Since most of the jars have lip rims, it is thought that the jars originally supported lids, although few stone lids have been recorded; this suggests that the bulk of lids were fashioned from perishable materials. Stone lids with animal carvings have been found at a few sites such as Ban Phakeo (Site 52). The bas-relief carvings are thought to depict monkeys, tigers and frogs.

Stone discs have also been found. The discs, which differ from the lids, have at least one flat side and are grave markers which were placed on the surface to cover or mark a burial pit. These grave markers appear more rarely than jars, but are found in close proximity. Similarly, the stone grave markers are unworked, but have been intentionally placed to mark a grave. To the north of Xiangkhouang an extensive network of intentionally placed largely unworked stones marking elaborate burial pits and chambers are known as the "standing stones of Huaphanh". These have been dated to the Bronze Age.

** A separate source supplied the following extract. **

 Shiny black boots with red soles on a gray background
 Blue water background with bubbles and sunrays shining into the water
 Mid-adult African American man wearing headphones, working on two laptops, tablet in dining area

The jars lie in clusters on the lower foothills and ridges of the hills surrounding the central plateau and upland valleys. Several quarry sites have been recorded, usually close to the jar sites. Five rock types have been identified: sandstone, granite, conglomerate, limestone and breccia. The majority of the jars are sandstone. It is assumed that Plain of Jars people used iron chisels to manufacture the jars, although no conclusive evidence for this exists. Regional differences in jar shape have been noted. While the differences in most cases can be attributed to choice and manipulation of rock source, some differences in form (such as variations in the placement of jar apertures) appear to be unique to specific sites.

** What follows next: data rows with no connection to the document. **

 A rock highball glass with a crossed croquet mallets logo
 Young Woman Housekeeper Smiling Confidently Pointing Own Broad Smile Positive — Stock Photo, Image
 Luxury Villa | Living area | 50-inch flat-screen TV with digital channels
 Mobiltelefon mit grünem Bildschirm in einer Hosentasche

A cave at Site 1 is a natural limestone formation with an opening to the northwest and two man-made holes at the top. These holes are thought to have been  chimneys for a crematorium. French geologist and amateur archaeologist Madeleine Colani excavated inside the cave in the early 1930s and found material to support a crematorium theory. Colani also recorded and excavated at twelve Plain of Jars sites and published two volumes with her findings in 1935. Colani concluded that the Plain of Jars was an Iron Age burial site. Inside the jars she found, embedded in black organic soil, coloured glass beads and burnt teeth and bone fragments, sometimes from more than one individual. Around the stone jars, she found human bones, pottery fragments, iron and bronze objects, glass and stone beads, ceramic weights and charcoal. The bone and teeth inside the jars show signs of cremation, while the burials surrounding the jars yield unburnt secondary burial bones.

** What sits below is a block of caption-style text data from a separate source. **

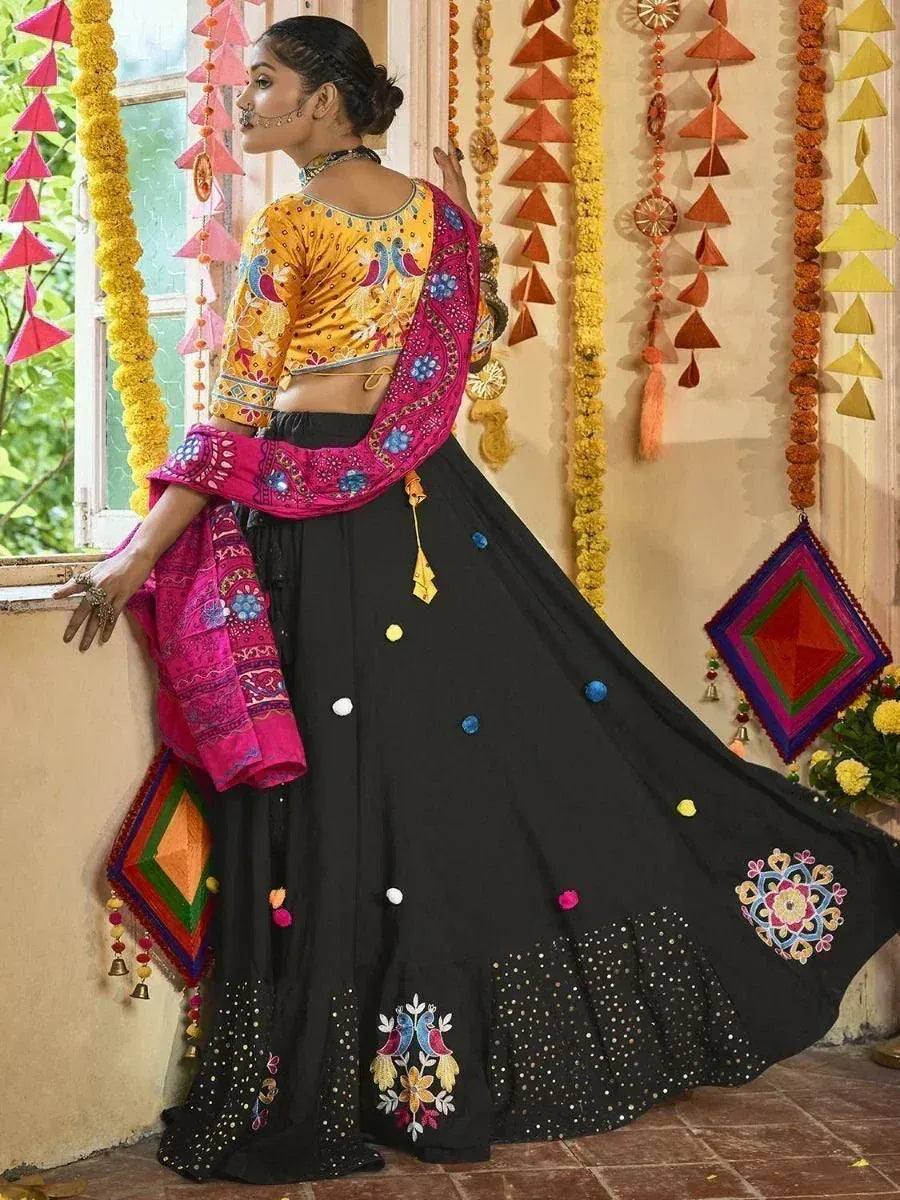 Black embroidered lehenga with yellow blouse and pink dupatta, festive Indian ethnic wear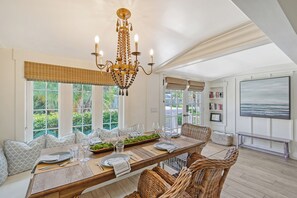 A dining room with a long table set for six, a chandelier, and large windows with blinds.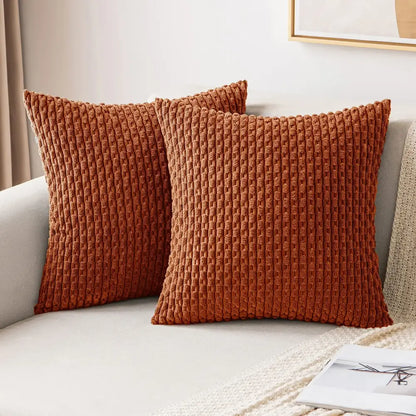 Two rust-colored corduroy throw pillows with ribbed texture complement cream knit decorative pillow cover decorbites decor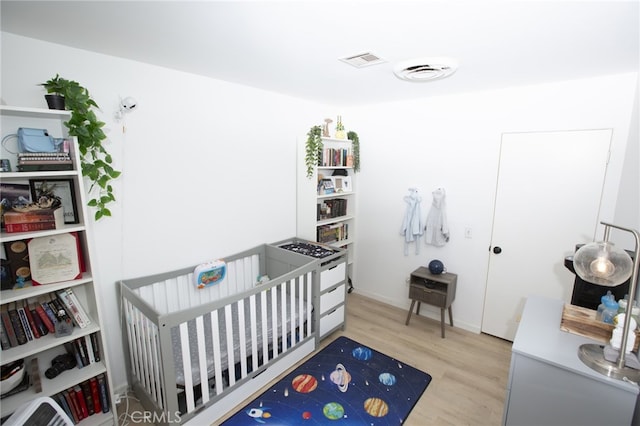 73881 Siesta Dr Unit 29, Palms, CA 92277 - bedroom with a nursery area, visible vents, and wood finished floors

No further archaeological research was conducted until November 1994, when Professor Eiji Nitta of Kagoshima University and Lao archaeologist Thongsa Sayavongkhamdy surveyed and mapped Site 1. Nitta claimed that the surrounding burial pits were contemporaneous to the jars, as they were cut into the surface on which the jars had been placed. Nitta believed the jars were symbolic monuments to mark the surrounding burials. He dated the Plain of Jars to the late second or early first millennium BC based on the burial urn and associated grave goods. Sayavongkhamdy undertook surveys and excavations between 1994 and 1996, supported by the Australian National University. Sayavongkhamdy and Peter Bellwood interpreted the stone jars as a central person's primary or secondary burial, surrounded by secondary burials of family members. Archaeological data collected during bomb clearance operations supervised by UNESCO archaeologist Julie Van Den Bergh in 2004–2005 and again in 2007 provided similar archaeological results. Like Nitta, Van Den Bergh concluded that the jars and surrounding burials were contemporaneous.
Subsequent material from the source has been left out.